Big integers with negative digits: The Trygub numbers

#	User	Rating
1	ecnerwala	3649
2	Benq	3581
3	jiangly	3578
4	orzdevinwang	3570
5	Geothermal	3569
5	cnnfls_csy	3569
7	tourist	3565
8	maroonrk	3531
9	Radewoosh	3521
10	Um_nik	3482

#	User	Contrib.
1	maomao90	174
2	awoo	165
3	adamant	163
4	TheScrasse	159
5	nor	158
6	maroonrk	156
7	-is-this-fft-	152
8	SecondThread	147
9	orz	146
10	pajenegod	145

Hi everyone!

Today we will talk about something that might be useful in programming competitions. Yay! Also great thanks to antontrygubO_o for sharing this with me and others in a Discord server.

Let's implement a data structure that maintains a big number $$$N$$$ in base $$$b$$$ and supports the following:

Given (possibly negative) integers $$$|x|, |y| \leq n$$$, add $$$x b^y$$$ to $$$N$$$.
Given $$$k$$$ and assuming $$$N \geq 0$$$, print the $$$k$$$-th digit of $$$N$$$.
Check if $$$N$$$ is positive, negative or equals to $$$0$$$.

Each operation should take at most $$$O(\log n)$$$ amortized time and $$$O(q)$$$ memory. While some approach you may think of immediately would imply using segment tree, or a similar structure, the solution proposed here only requires std::map, so it's much shorter and easier to implement (at the slight expense of increased constant factor). It may be used in the following problems:

If you implement the big integers in these numbers the standard way (i.e. keeping digits in the $$$[0, b)$$$ segment, carefully executing carries, etc), you will quickly learn that you may get in trouble because you may be forced to do and undo a lot of carry operations which chain up and so you need to frequently change large segments between the values of $$$0$$$ and $$$b-1$$$.
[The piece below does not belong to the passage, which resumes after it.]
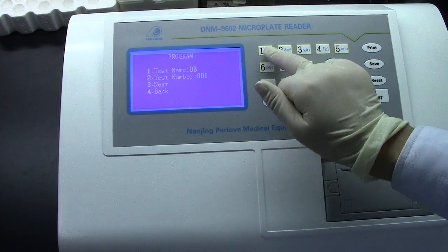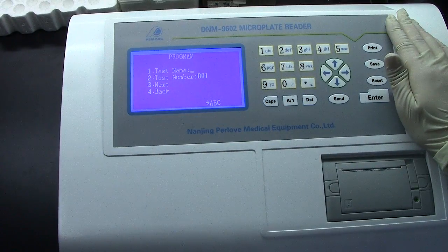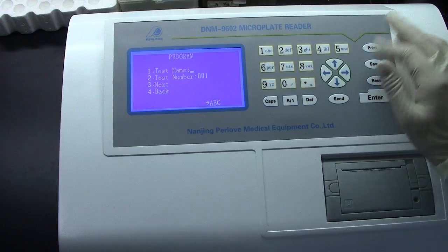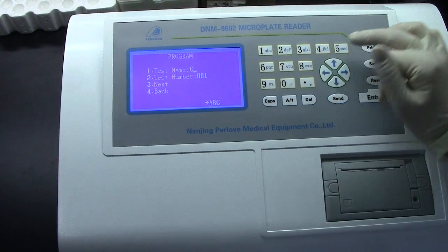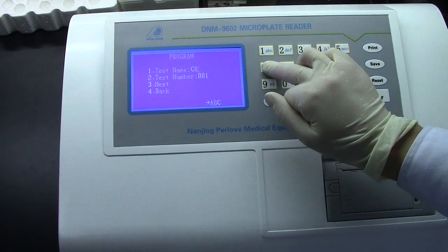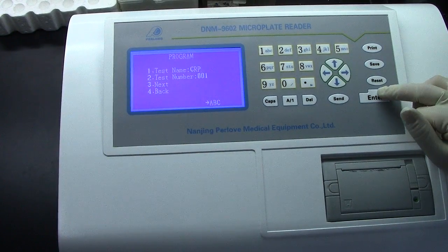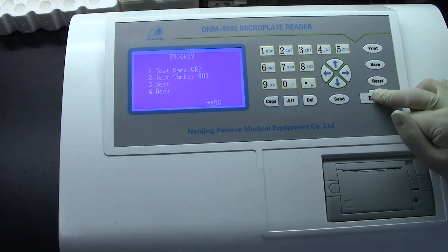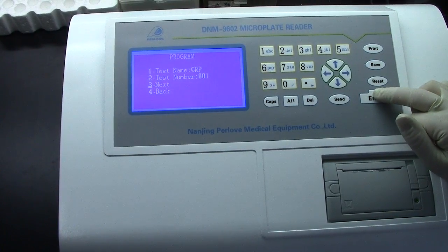We want to change the test name. Press 1 to change it. We want to input CRP. Press End to confirm the name. The test number 001 is OK.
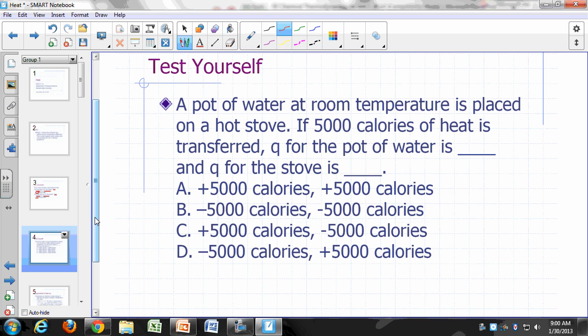A pot of water at room temperature is placed on a hot stove. 5,000 calories of heat is transferred. Q for the pot of water and Q for the stove? Since heat flowed into the water, Q for the pot of water is positive 5,000 calories. If you take the stove as your system, Q is negative 5,000 calories.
Now, stop being fooled by the non-negative propaganda! You don't have to do it! Let's give ourselves some slack and allow negative digits. Well, just a bit of them. Instead of maintaining digits in $$$[0,b)$$$, let's now maintain them in the interval $$$(-b, b)$$$. It seems like a tiny change, but the effect is tremendous. On one hand, the representation of any number is not unique anymore. On the other hand, when we actually reach the value $$$b$$$ or $$$-b$$$, we wrap them back to $$$0$$$, and carry $$$1$$$ or $$$-1$$$ to the next digit correspondingly.

Noticed anything? The carry now wraps us from the endpoints of the interval to its middle instead of from one endpoint to another! It would be easy to add $$$1$$$ to a particular bit, turn it into $$$b$$$ and cause a chain of carries by it. But! If after that we add $$$-1$$$ to the same bit, it will not wrap all the bits back to $$$b-1$$$! It will just change this specific bit to $$$-1$$$! So, we give up the uniqueness of the representation, but we gain a whole lot of stability in exchange.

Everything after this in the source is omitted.